June Books 12) Het Verdriet van België / The Sorrow of Belgium, by Hugo Claus

This is another of those classic Belgian novels, a largely autobiographical account of a boy growing up in rural Flanders in the years just before, during and after the Second World War. I read it in the original Dutch, and at 715 pages I think that is the longest book I have ever read in a language other than English. It took me almost a month, though as you will have noticed, I managed to read one or two other books along the way as well.

I very much enjoyed the start of the book, and it was enough to keep me going to the end. The first third or so is set in the years leading up to the war; our protagonist (who veers between third-person “Louis” and first-person “ik”, sometimes several times on the same page) attends a school run by nuns carrying forth the mission of educating reluctant Catholic kids in a divided society on the verge of horrendous conflict, where he hangs out with a small group of friends with shared odd literary interests. Obviously I found nothing there that related to my own experience of growing up in Belfast during the Troubles at all. Especially the school. Though we did not have quite the same reverence for the British royals that Louis’ relatives have for their Belgian equivalents.

Then, of course, the Germans invade and occupy Belgium. Louis’ father, a printer whose politics have always been pro-Nazi, finds it surprisingly tough to make ends continue to meet with his heroes in charge. His mother finds her own accommodation with the Germans to get lipstick and sausages, and also to get the emotional satisfaction her husband is incapable of supplying. Louis himself has his horizons broadened by a Hitler Youth trip to Mecklenburg in eastern Germany, where he stays briefly with a much more affectionate family than his own; and then again when his father brings him to Brussels, a place of unspeakable pleasures, and he gets a magical afternoon of cultural awakening browsing in a library of confiscated “degenerate” books, while prisoners are being interrogated (and perhaps worse) in the courtyard outside.

So it’s a story of coming of age during the Second World War in Nazi Europe, like Die Blechtrommel, with the difference that there is no fantastical element, just a blurring of the narrator’s identity between “Louis” and “ik”. The monsters here are very human – not so much the Nazis, but the Belgians whose carefully designed and enclosing social structures allow horror to flourish in the school playground and in the bedroom and the living-room. By the end of the book, Louis is on his way to becoming a published author, using a Hebrew motto for his submitted manuscripts (his father having mumbled an apology for the Holocaust to a dumbfounded American soldier who happened to be Jewish). It is a very long book, and I can see why reluctant Belgian schoolkids may consider it a cruel and unusual punishment. But as an immigrant to Flanders, particularly coming from where I come from, I found it rather revealing; a bit like Portrait of the Artist, but fifty years later, in a different but similar country.
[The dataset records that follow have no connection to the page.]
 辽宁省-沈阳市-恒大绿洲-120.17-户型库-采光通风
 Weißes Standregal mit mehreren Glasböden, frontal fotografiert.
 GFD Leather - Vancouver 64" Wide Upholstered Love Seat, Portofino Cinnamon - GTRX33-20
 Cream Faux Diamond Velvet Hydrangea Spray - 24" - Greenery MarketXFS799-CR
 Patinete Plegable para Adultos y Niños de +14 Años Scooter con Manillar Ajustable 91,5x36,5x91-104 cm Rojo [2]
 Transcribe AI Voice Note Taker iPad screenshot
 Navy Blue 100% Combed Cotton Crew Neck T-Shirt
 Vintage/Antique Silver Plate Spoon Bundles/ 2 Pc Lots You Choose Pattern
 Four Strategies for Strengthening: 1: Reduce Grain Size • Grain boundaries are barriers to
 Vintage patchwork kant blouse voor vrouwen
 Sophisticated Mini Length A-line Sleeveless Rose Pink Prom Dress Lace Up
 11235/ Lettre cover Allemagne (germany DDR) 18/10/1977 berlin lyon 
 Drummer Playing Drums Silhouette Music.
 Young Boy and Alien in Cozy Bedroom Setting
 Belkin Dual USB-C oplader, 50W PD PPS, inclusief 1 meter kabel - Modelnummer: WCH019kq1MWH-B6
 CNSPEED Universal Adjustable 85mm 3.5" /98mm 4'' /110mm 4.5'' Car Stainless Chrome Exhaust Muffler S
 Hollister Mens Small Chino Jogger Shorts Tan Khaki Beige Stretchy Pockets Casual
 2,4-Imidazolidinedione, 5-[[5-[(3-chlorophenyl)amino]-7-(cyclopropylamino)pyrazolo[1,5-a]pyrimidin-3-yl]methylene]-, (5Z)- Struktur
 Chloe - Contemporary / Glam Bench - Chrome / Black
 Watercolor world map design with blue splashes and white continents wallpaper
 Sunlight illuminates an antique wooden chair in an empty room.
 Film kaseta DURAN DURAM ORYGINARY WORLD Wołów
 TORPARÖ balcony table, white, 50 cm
While I think one could do a decent enough English translation (and no doubt it has been done), there are a lot of nuances that would be difficult to carry over. In particular, the use of language – more or less thick Flemish rather than standard Dutch – is at the heart of the book. For instance, people here generally use the pronoun “ge” for the second person “you”; for those who first learned the Netherlandish variety of Dutch (as I did) it sounds odd – “ge” is used up north only to address God, or by Belgians and South Africans. Even weirder, the accusative form of “ge” is “u”, which is the polite pronoun in the Netherlands – even after fifteen years here, I still find it very disconcerting to hear parents and children use “u” to each other (rather than the Netherlandish familiar form, “je” or “jij”) in phrases like “dank u” (“thank you”) or “dit is voor u” (“this is for you”). Even in Flemish children’s literature, such as the popular comic series Suske en Wiske or translations of Tintin (translated literally as Kuifje, “Tufty”), characters generally use the alien northern “jij” to each other. Claus went for a more realist approach, and it matters to the story he tells.

That’s not all. Louis’ father’s pro-German poltiics, and his mother’s relationships with German soldiers, mean that there are a lot of conversations where key words are in German. For a Dutch speaker, this isn’t normally such a big deal, and indeed the German words in the book aren’t marked off from the Dutch in any way other than the nouns being capitalised. I think that would be impossible to carry through into any other language. (Indeed, I wonder how one might tackle a German translation of Het Verdriet van België.) There’s also the casual use of French (like me, Louis and his family live very close to what is now the Belgian linguistic border, the taalgrens; unlike me, they also live close to the frontier with France) which drops off during the book (rather like Buddenbrooks, but for different reasons). The occasional use of French, and the concomitant cultural cringe, is not unique to 1930s and 1940s Belgium, of course (see also War and Peace). But the nuances here are rather specific.

Anyway, I may try the English translation as well some day, in case there are things I missed as I struggled through the original version. But this was worth the struggle for now.